Enumeration Types (Enums)
Enumeration types in WDL
An enumeration (or "enum") is a closed set of enumerated values (known as "choices") that are considered semantically valid in a specific context. An enum is defined at the top-level of the WDL document and can be used as a declaration type anywhere in the document.
An enum is defined using the enum keyword, followed by a globally unique name, followed by a comma-delimited list of identifiers---optionally tagged with values---in braces.

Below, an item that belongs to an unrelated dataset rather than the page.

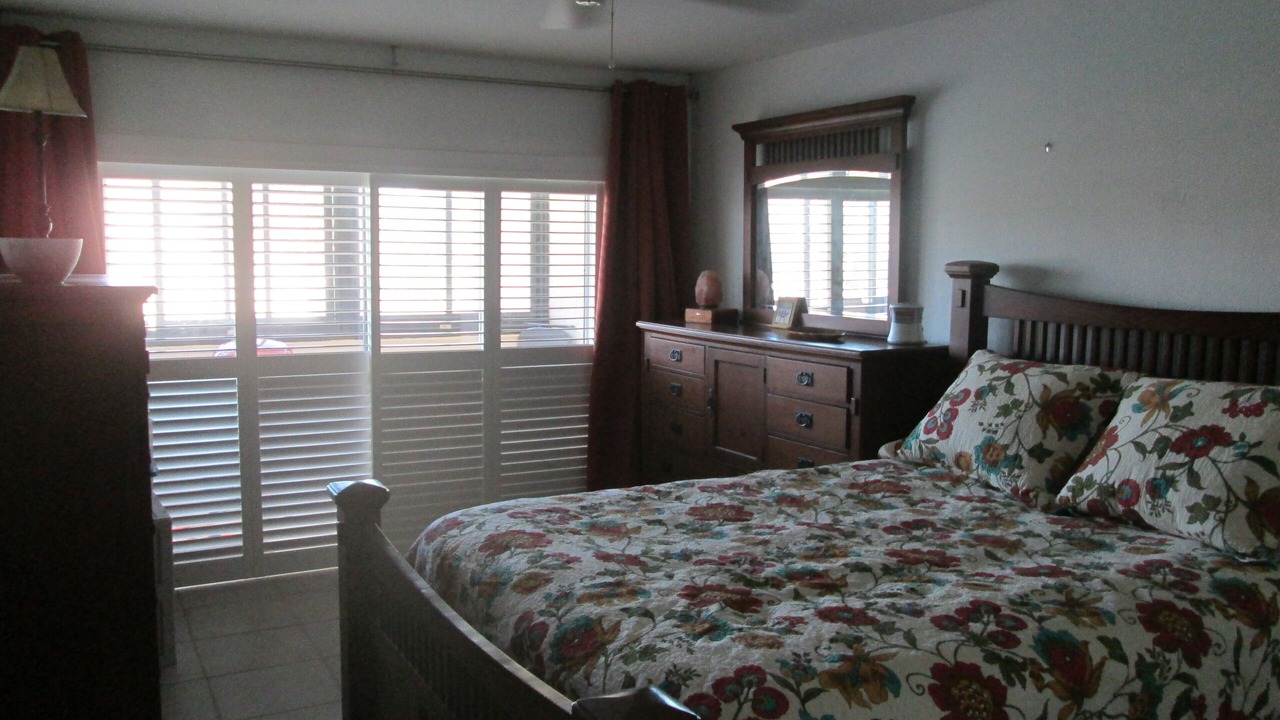 Photo of Bedroom in Capri Isle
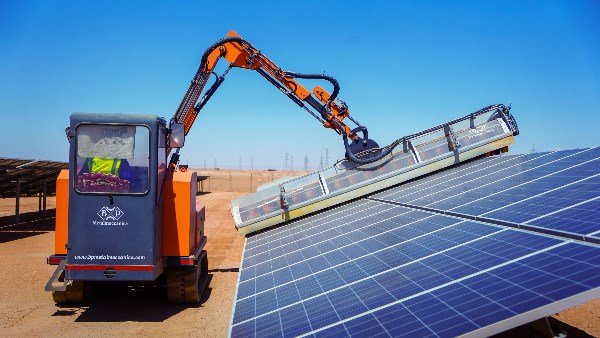 تمكين 24 ألف سيدة.. وفد التخطيط يتابع مشروعات الطاقة المتجددة بأسوان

When referring to a choice within an enum, for example, when assigning to an enum declaration, the <name>.<choice> syntax should be used.
enum FileKind {
FASTQ,
BAM
}
task process_file {
input {
File infile
FileKind kind = FileKind.FASTQ
}
command <<<
echo "Processing ~{kind} file"
...
>>>
}
workflow process_files {
input {
Array[File] files
FileKind kind
}
scatter (file in files) {
call process_file {
input:
infile = file,
kind = kind
}
}
}
As an example, consider a workflow that processes different types of NGS files and has a file_kind input parameter that is expected to be either "FASTQ" or "BAM". Using String as the type of file_kind is not ideal - if the user specifies an invalid value, the error will not be caught until runtime, perhaps after the workflow has already run for several hours. Alternatively, using an enum type for file_kind restricts the allowed values such that the execution engine can validate the input prior to executing the workflow.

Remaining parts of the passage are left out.